Different Monitor Panel Types

The most common type of  panel type is the TN–twisted nematic.  The others are Vertical Alignment (VA) and In-Plane switching (IPS). Additionally there are different versions of the latter two display types. VA computer monitors primarily come in two versions: Patterned Vertical Alignment (PVA) and Multi-domain Vertical Alignment (MVA). Each technology has its pros and cons and what to look for depends on what you plan on using your monitor for.


TN (Twisted Nematic) is the most common technology and also the oldest. The main advantage is that it provides the shortest response times, making them good for gaming. In combination with LED back-lighting, TN monitors also offer high brightness and draw less power than competing technologies. Another important factor is that they are cheap to manufacture, resulting in low prices for end users.

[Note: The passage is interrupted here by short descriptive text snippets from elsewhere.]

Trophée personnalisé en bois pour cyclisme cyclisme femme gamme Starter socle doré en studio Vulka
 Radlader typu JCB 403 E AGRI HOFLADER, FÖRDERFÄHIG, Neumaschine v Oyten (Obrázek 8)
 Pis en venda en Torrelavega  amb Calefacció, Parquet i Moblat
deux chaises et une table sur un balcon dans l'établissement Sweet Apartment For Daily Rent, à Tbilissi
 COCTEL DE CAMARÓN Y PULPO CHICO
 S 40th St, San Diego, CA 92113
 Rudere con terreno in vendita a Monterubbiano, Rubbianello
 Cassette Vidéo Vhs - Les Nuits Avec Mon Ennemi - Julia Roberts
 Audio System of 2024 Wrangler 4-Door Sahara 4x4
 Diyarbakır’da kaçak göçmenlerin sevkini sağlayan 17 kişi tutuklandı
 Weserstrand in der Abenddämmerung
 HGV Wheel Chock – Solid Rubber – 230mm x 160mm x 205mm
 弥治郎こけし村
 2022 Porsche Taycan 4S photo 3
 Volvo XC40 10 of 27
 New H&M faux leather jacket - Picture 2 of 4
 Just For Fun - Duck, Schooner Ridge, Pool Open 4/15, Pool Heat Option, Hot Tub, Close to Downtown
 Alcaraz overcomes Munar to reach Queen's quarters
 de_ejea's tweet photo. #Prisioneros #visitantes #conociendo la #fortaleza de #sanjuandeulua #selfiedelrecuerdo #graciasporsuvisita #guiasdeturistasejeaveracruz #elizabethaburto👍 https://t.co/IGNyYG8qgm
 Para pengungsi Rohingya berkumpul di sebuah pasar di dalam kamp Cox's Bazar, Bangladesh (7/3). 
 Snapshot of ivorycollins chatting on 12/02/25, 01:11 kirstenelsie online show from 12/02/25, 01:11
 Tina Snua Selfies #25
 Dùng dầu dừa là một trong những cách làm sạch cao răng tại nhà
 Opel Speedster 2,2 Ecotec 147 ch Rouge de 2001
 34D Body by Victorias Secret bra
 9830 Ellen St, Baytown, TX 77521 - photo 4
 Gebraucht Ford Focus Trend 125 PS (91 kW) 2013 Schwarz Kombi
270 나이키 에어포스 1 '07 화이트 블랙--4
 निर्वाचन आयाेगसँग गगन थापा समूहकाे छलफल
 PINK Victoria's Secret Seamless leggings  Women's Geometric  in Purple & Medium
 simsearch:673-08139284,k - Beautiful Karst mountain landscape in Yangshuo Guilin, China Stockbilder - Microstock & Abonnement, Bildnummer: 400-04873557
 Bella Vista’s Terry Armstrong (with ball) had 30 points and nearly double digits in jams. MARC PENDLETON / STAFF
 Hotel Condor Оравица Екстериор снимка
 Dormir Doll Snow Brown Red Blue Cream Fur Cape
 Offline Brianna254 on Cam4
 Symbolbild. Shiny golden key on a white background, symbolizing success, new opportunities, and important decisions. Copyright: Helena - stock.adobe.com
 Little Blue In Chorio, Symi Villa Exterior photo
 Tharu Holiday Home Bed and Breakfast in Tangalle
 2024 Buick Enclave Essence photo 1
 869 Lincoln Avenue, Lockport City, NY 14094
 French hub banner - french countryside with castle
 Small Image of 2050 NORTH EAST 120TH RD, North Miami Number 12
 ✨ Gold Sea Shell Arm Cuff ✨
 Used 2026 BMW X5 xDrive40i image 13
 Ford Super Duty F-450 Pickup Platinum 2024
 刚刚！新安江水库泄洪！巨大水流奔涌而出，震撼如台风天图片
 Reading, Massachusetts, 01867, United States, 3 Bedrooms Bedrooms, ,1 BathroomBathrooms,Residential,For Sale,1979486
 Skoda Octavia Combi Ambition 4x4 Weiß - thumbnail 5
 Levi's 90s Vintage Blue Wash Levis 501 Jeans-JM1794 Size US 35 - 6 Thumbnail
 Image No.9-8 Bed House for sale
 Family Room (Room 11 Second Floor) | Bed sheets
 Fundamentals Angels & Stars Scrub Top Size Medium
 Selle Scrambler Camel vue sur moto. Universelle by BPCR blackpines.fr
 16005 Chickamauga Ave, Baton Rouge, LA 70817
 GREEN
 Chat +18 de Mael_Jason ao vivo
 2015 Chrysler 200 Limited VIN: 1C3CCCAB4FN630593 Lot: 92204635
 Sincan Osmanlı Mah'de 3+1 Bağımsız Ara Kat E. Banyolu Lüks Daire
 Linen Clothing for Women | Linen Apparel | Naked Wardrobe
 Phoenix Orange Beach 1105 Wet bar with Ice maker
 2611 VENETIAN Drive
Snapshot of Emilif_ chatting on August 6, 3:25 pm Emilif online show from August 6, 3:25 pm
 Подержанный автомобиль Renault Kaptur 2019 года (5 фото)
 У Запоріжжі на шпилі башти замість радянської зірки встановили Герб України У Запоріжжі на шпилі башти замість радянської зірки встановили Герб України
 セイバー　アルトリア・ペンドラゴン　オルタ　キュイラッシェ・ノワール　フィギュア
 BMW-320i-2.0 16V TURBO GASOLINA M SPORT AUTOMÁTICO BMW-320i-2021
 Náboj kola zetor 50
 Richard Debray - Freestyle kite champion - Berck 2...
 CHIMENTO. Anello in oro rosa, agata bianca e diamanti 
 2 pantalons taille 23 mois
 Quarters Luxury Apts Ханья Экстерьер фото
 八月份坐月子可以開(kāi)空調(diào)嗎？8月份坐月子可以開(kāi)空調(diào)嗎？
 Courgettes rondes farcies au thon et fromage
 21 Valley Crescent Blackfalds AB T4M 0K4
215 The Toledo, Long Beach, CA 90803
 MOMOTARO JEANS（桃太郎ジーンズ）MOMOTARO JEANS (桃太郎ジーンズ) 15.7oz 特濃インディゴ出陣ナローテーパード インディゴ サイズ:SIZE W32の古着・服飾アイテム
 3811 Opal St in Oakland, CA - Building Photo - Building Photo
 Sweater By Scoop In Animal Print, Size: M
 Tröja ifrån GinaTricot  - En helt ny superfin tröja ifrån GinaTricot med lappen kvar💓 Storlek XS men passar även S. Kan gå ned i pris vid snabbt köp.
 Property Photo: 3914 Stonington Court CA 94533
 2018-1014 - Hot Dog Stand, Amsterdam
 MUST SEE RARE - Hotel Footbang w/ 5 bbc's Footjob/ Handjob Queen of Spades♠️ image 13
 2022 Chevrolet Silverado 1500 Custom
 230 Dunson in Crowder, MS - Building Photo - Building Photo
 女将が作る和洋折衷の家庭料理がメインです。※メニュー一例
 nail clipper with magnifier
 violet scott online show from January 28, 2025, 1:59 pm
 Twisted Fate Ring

The drawbacks to the technology is the color shifts that occur at wider viewing angles. There are large differences in quality between different products, but the lower-end ones will exhibit color shift even at moderate angle changes. A TN-based display can usually be identified through these color distortions when viewing the picture from above or from the sides.


The main advantages with IPS monitors is that the technology offer noticeably better color reproduction as well as much better viewing angles. The downside used to be a difficulty to emphasize blacks, which in turn meant problems with the contrast. IPS panels were also very expensive and slow in the beginning.

Now the manufacturers have started producing so-called Super-IPS (S-IPS) panels at reasonable prices. Response times have crept down considerably and the contrast is much better. In addition, color display and the options to calibrate the colors are superior to the other panel types. IPS panels keep colors constant, even in sharp angles.

VA – MVA and PVA

Further developments have led to MVA and PVA, where the manufacturers are trying to find a technique that would combine the advantages of both TN and IPS. MVA panels offer good viewing angles and generally better blacks and contrast than either TN or IPS panels. Their response times also look good on paper, but unfortunately not in the real world

Even if the response time for white to black is low, it is often considerably higher between two dark tones, leading to Ghosting effects. Another weakness is the color reproduction, which in itself is better than TN but not as good as IPS. PVA panels are in many ways similar to MVA, but have even better blacks and great contrast. The problem with ghosting remains, however.


As you have probably gathered by now, there is no single type of LCD that is good at everything. What panel type you choose must be a compromise based on how you use the monitor. Gamers will generally be happy with TN panels and their exceptional response time. Photographers and graphic designers should buy an IPS monitor instead.

If you are a writer or work in any other field where contrast is an important factor you should have a look at a monitor with an MVA or PVA panel. If you use the screen to the little bit of everything, you might choose a TN-based monitor to save money or a high-end IPS with low response time if you won’t settle for just the mere basics.